I don’t commonly incorporate the entire description from the blurb in my reviews, but the wording of this one struck me as important to how I approached the book. Just from the description, I can get a decent idea of what the book probably reads like. It’s a coming-of-age tale, a boy and his dog, and then his idyllic small-town life is flipped on its head by Drama and Mayhem. Fair enough. Classic story, one that’s been done to death but still manages to stay interesting. I was game. Nervous, but game.

See, when I see sentences like “the accident that shook the entire town,” I start getting suspicious about the plot. Too often we see something like this and the ENTIRE TOWN stops on a dime to obsess about this tiny detail that happened to some 17-year-old kid. Having grown up in a small town, yes–I can say that it certainly would have been noticed, but that doesn’t mean that everyone suddenly knows and judges. (Shuuuuuun.) So while hopeful, I approached the book with trepidation.

I worried in vain.

Manchester’s writing takes an easy edge with the catastrophe–showing that it’s affecting the town while it destroys the young men involved. It takes young love, complicates it believably, and makes it work out exactly as one might expect. And it takes that gripping fear of graduation and “what on Earth am I supposed to do with my life” and spins it exactly how we likely all lived it.

Billy is incredibly likable and believable in both his strengths and his flaws.

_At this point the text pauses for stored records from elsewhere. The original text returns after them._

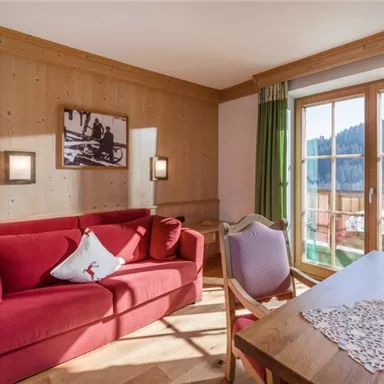 A cozy living room with a red sofa and wooden paneling. The windows offer a beautiful view of the surrounding landscape.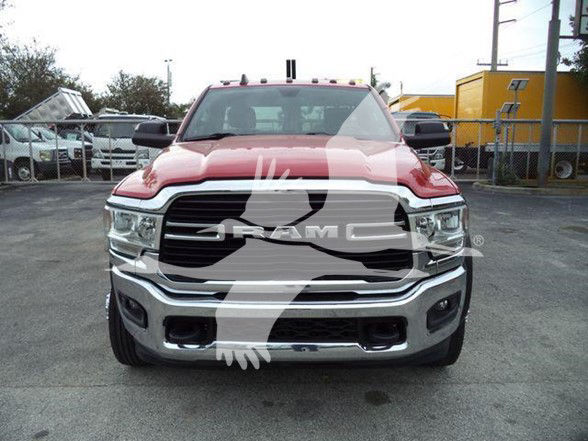 Front view of a red 2021 Ram 4500 SLT pickup truck showing RAM grille, chrome bumper, and headlights.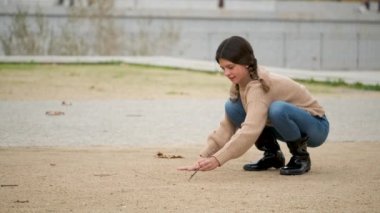 Girl with two braids drawing hopscotch in the sand with a stick outdoors.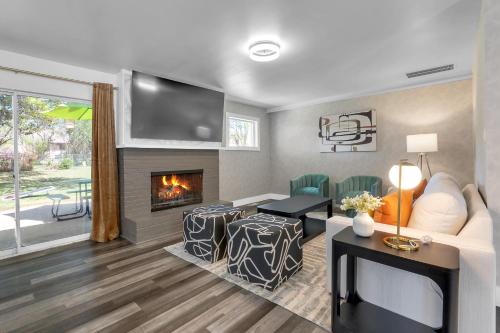 a living room with a couch and a fireplace at 10min to EXPO - Family-Friendly with Office & Playroom in Tulsa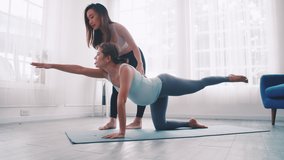 Pregnant woman doing Pilates exercise with personal trainer at home. - Powered by Shutterstock - Get 15% off with code: PIKWIZARD15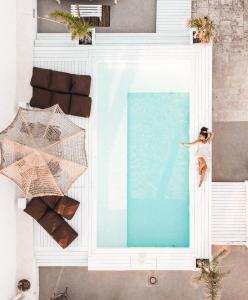 an overhead view of a woman in a pool with an umbrella at Playa del Mar - Adults Only in Monopoli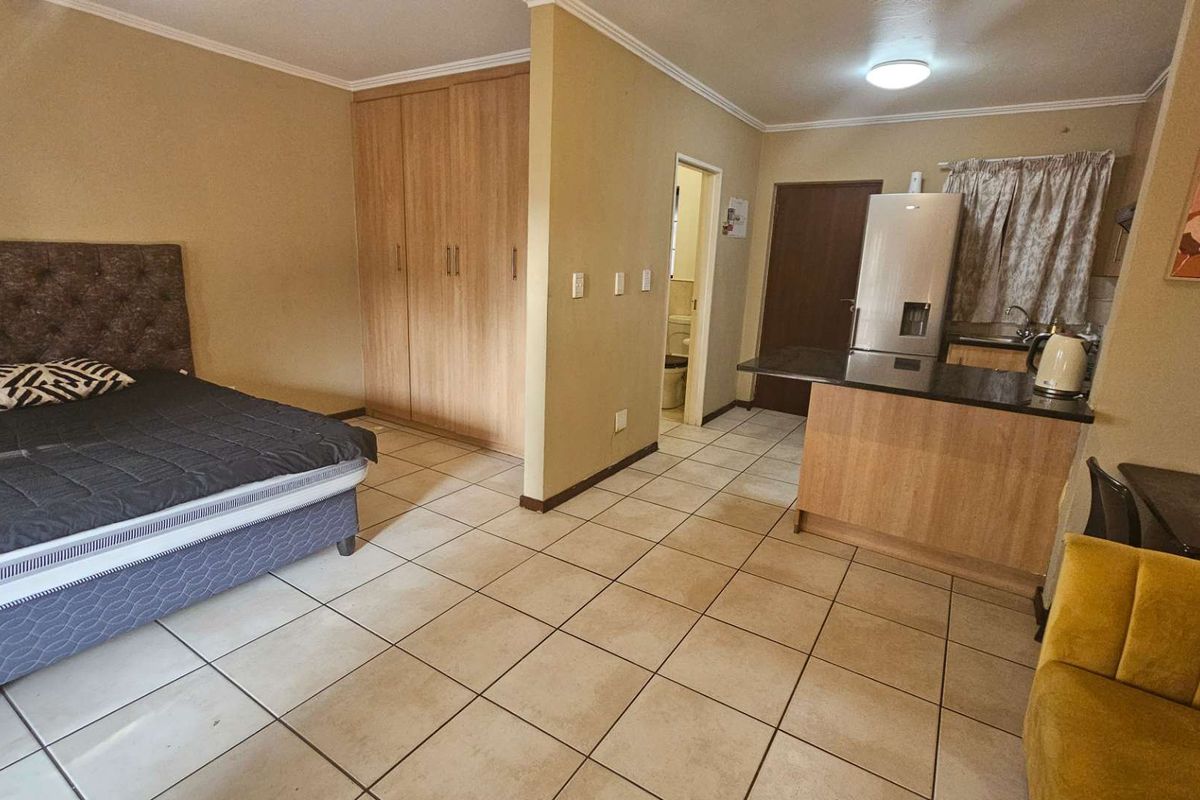 Open-plan studio apartment featuring tiled flooring, built-in bedroom cupboards, and a compact kitchen area with granite countertops.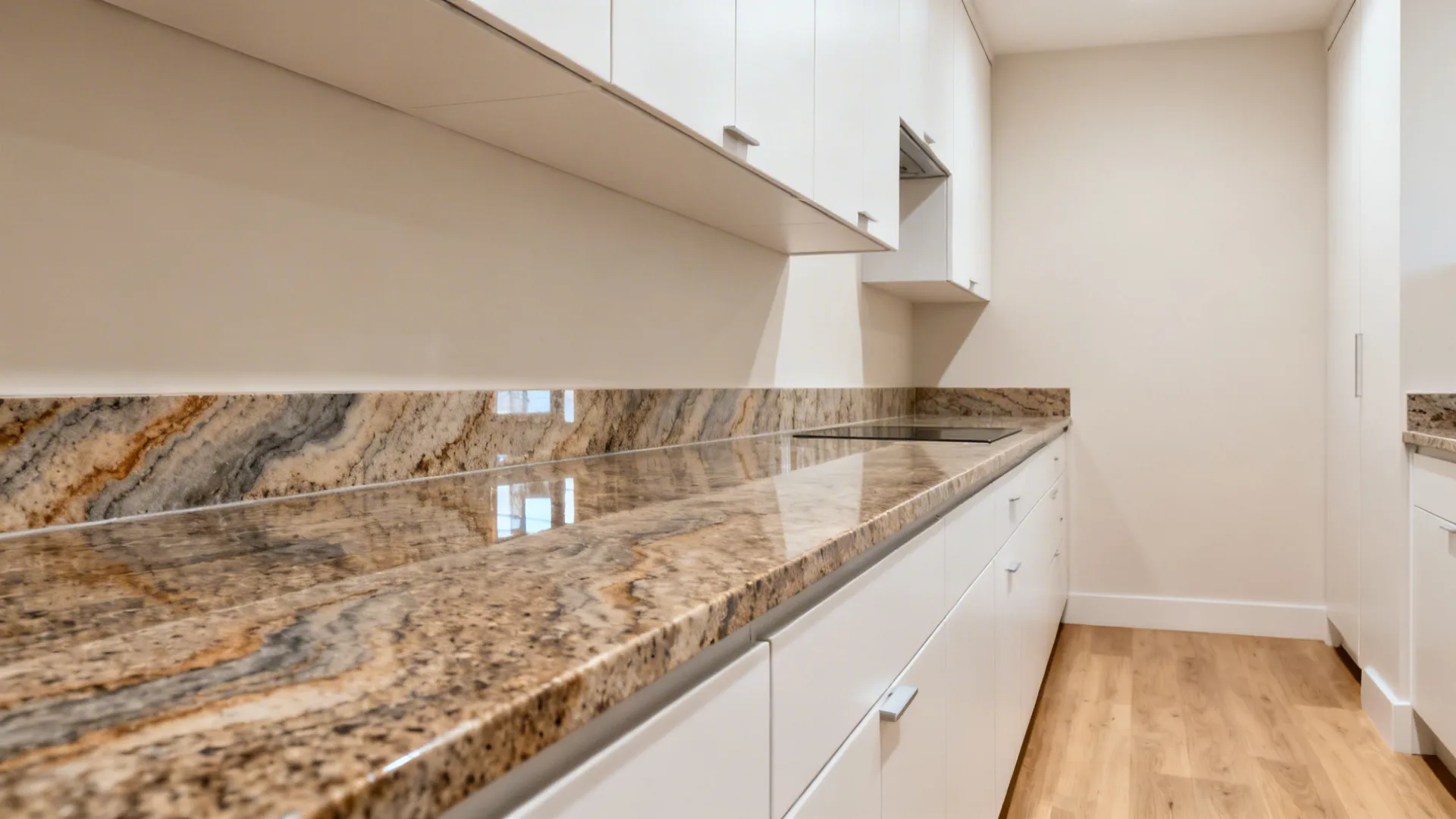 Galley kitchen with Fantasy Brown Granite and matte white slab cabinets that brighten the space.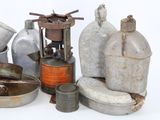 a lot of old metal items that are sitting on a table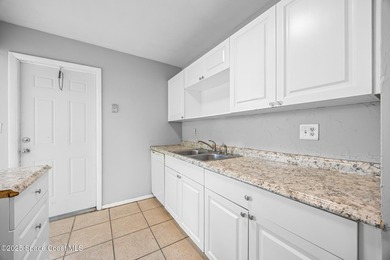 Discover this charming corner-lot home, freshly painted and - photo 8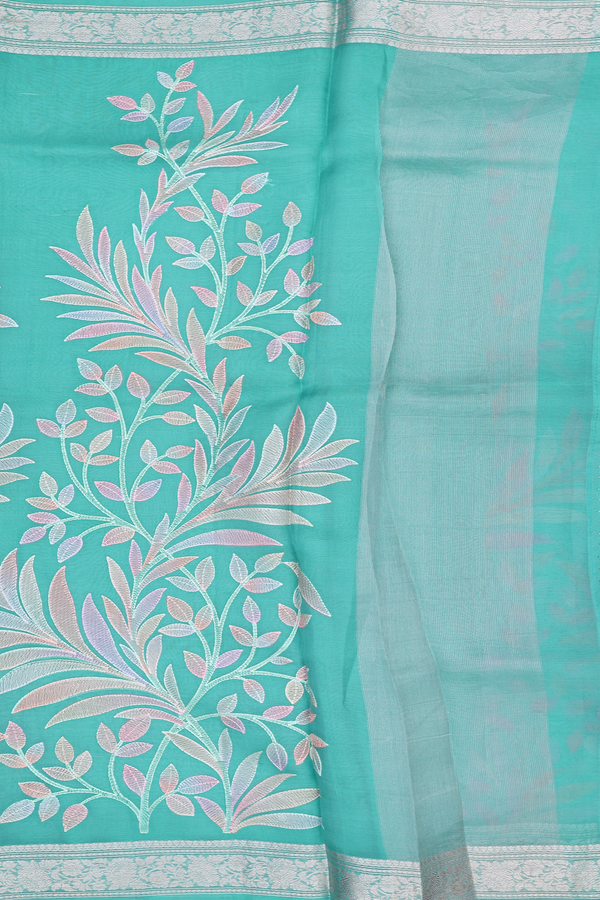 Organza Silk Saree In Turkish Blue With Leaf Design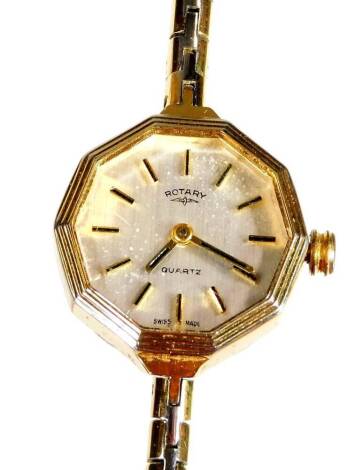A Rotary ladies wristwatch, on gold plated strap in stainless steel casing, with octagonal dial, boxed.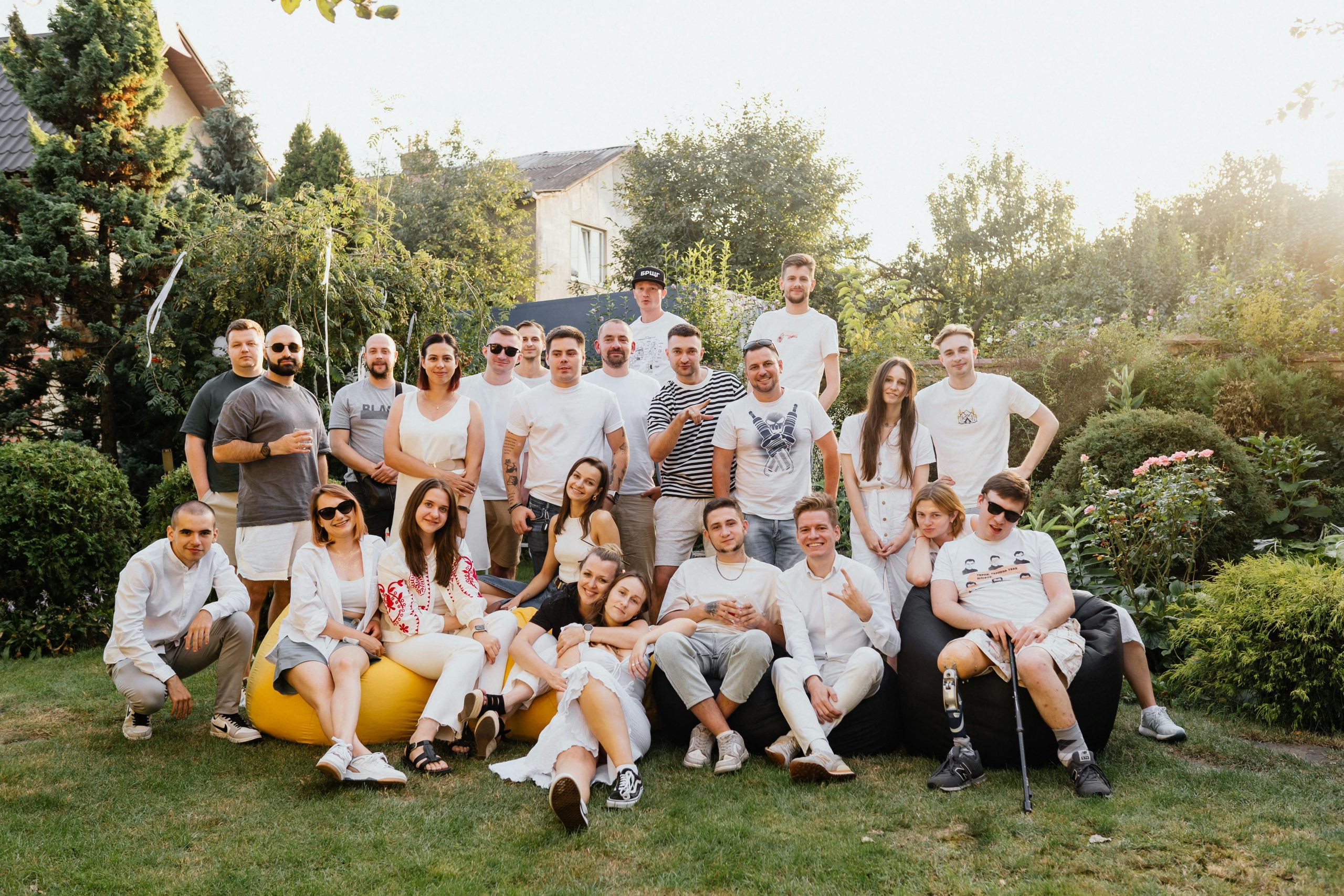 Large group of friends having fun outside in a garden on a sunny day in Kyiv, Ukraine.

His relationship with Jimmy, his aging shelter mutt, is well-rounded just like any other interpersonal relationship in the book. His struggle with seeing his friends all have definite plans for the future, and not knowing what he wants to be when he grows up is familiar. And the conflict between Billy and his friends Charlie and Mark is incredibly real and painful.

The story moves at the relatively quick pace of a classic YA/coming-of-age story, but for once I didn’t mind it. There was neither anything I felt got rushed (even the romance subplot flowed nicely) nor parts I thought were drawn out too long. It ended exactly the way I felt it should (though I have hopes and feelings about the conclusion of the Vicki arc) and spared nothing.

A genuine feel-good book, even with the darkness at its core. Well-written and evocative, Manchester has bottled the feeling of limbo between high school and college–childhood and adulthood–and trapped it within 276 of literary magic. And if the ending doesn’t at least tap the slightest bit at the same feelings that the end of Toy Story 3 did, I’m not sure where you’ve hidden your heart. Absolutely a book to check out.

Rating: **** – Recommended

The Changing Season will hit shelves this Tuesday, February 23, 2016.